The binocular boundary and monocular FIDO stages in Figure 5 form percepts of the amodally completed boundaries and surfaces of partially occluded objects, as well as of the objects that occlude them. These processing stages are interpreted to occur in the interstripes and thin stripes of cortical area V2. Modal, or visible, percepts are assumed to occur at the binocular FIDOs, where they represent the unoccluded parts of 3-D surfaces. These stages are interpreted to occur in cortical area V4.
These distinct representations carry different types of information. The binocular boundaries and monocular FIDOs carry representations that can be used to recognize partially occluded objects. The binocular FIDOs cannot be used to recognize partially occluded objects because boundary enrichment at the binocular FIDOs mixes boundaries of occluding and occluded objects. In so doing, boundary enrichment prevents occluded objects from filling-in behind their occluders. Thus the ability to recognize occluded objects and to see opaque occluding objects, and the unoccluded parts of partially occluded objects, are represented at different processing stages.
In order to recognize perceptual properties, whether or not they are modally "seen", several stages of FACADE processing are proposed to interact reciprocally with model cortical areas that are devoted to object recognition, which play the role of inferotemporal (IT) cortex (Desimone, 1991; Desimone & Ungerleider, 1989; Mishkin, 1982; Perrett, Mistin, & Chitty, 1987). Interactions between the object recognition (IT) system and the binocular FIDOs (V4) are proposed to recognize the unoccluded visible parts of the 3-D surfaces. Interactions between IT and the binocular boundaries and monocular FIDOs (V2) are proposed to recognize amodally completed occluded objects.

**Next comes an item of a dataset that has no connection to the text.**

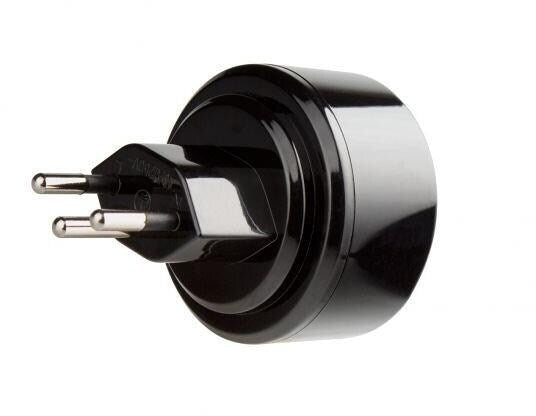 Reiseadapter Sveits 250V/10A med barnesikring - Brennenstuhl forfra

Both modal and amodal surface percepts occur in response to images like those in Figures 1-3. Do both types of percepts have functional utility? Grossberg (1997) suggested that their utility may be found in different sorts of recognition and action skills. For example, modal surface percepts may be used to recognize and reach unoccluded objects in the world. They let us know which objects are directly reachable and protect us from trying to reach through an occluder to an object which it occludes. Amodal surface percepts can be used to recognize partially occluded objects. They also provide a recognition signal - that is distinguishable from the modal signals - whereby to plan a reach around an occluder to an object that it occludes.
Evidence for the use of amodal representations in recognition and active touch has been presented by Streri, Spelke and Rameix (1993) for adults as well as 4-month-old infants. Johnson and Aslin (1995) used preferential looking tasks to provide evidence that 2 month-old infants can perceive occluded objects as being amodally completed. Consistent with the use of amodal surface representations for recognition, Kovács, Vogels and Orban (1995) have shown that IT neurons that respond preferentially to certain filled object shapes, also respond to those shapes when they are occluded by a visible occluder but not when the occluder was invisible; i.e., the same color as the background. Nakamura, Gattass, Desimone and Ungerleider (1993) have found evidence for "by-pass" routes from V1 to V4, and from V2 to TEO, consistent with the proposal that amodal surface representations created by early stages of visual processing can be routed directly to object recognition centers and also to higher visual areas for further processing to create modal representations. Sekuler and Palmer (1992) have also shown that amodal representations develop over a longer time than modal percepts. This is consistent with the FACADE model's surface-to-boundary feedback and bipole completion, which require a small number of feedforward and feedback iterations to complete the modal and then amodal surface percepts.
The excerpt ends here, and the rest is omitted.